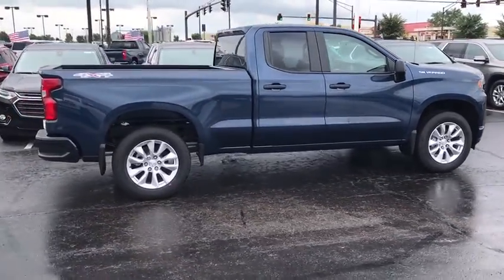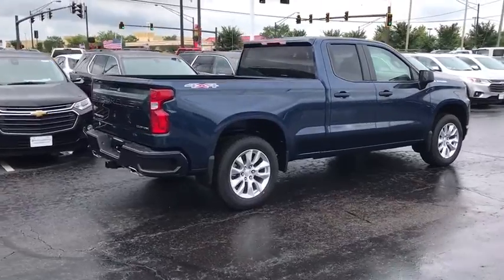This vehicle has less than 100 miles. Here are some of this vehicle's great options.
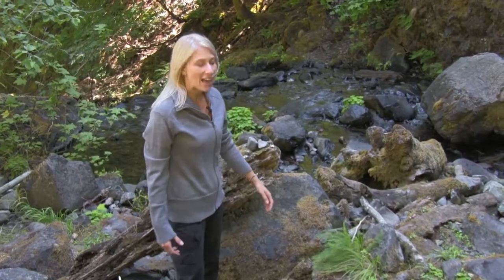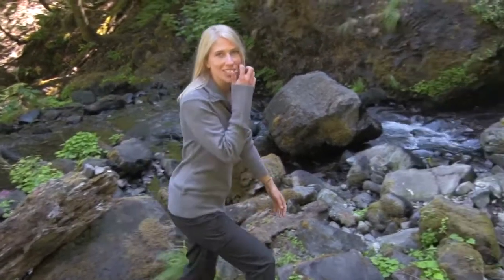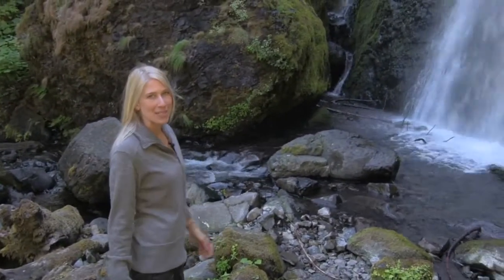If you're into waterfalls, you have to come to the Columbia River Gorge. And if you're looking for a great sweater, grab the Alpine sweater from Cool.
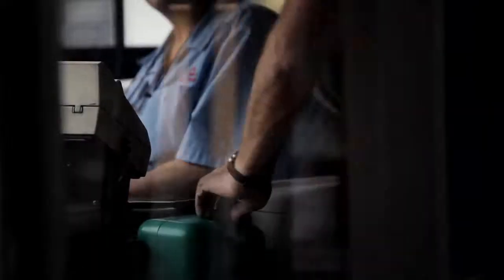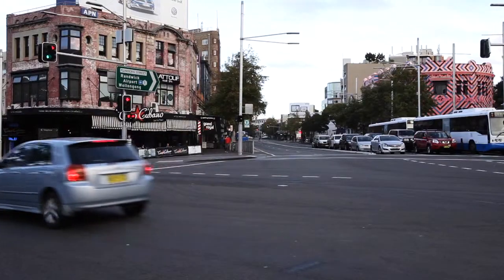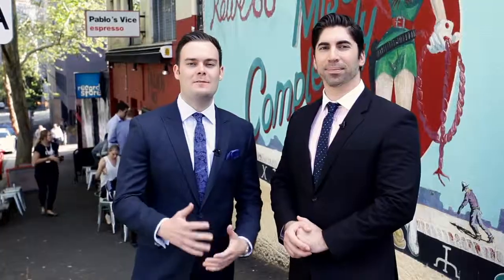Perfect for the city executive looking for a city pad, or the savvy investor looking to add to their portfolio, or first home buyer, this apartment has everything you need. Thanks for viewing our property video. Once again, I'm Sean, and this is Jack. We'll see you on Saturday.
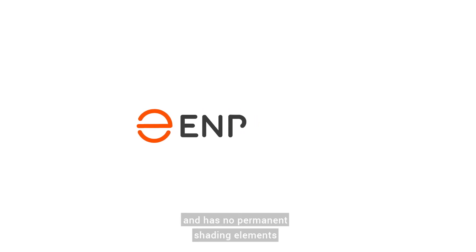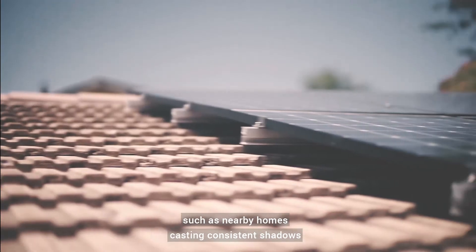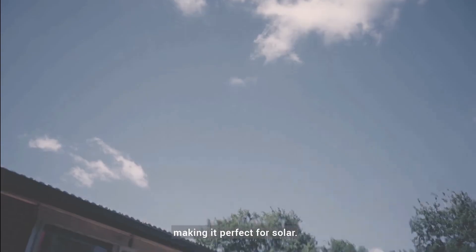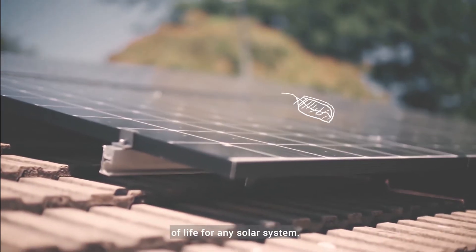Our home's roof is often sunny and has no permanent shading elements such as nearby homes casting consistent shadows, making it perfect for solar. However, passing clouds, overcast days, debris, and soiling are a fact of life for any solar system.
——————————
Problem details => Transcribe, word for word, only the material from its opening line through the line containing "Perfect for the", both ends included, and omit the pictures.

Solution to the problem =>
This vehicle has less than 100 miles. Here are some of this vehicle's great options.
If you're into waterfalls, you have to come to the Columbia River Gorge. And if you're looking for a great sweater, grab the Alpine sweater from Cool.
Perfect for the city executive looking for a city pad, or the savvy investor looking to add to their portfolio, or first home buyer, this apartment has everything you need. Thanks for viewing our property video. Once again, I'm Sean, and this is Jack. We'll see you on Saturday.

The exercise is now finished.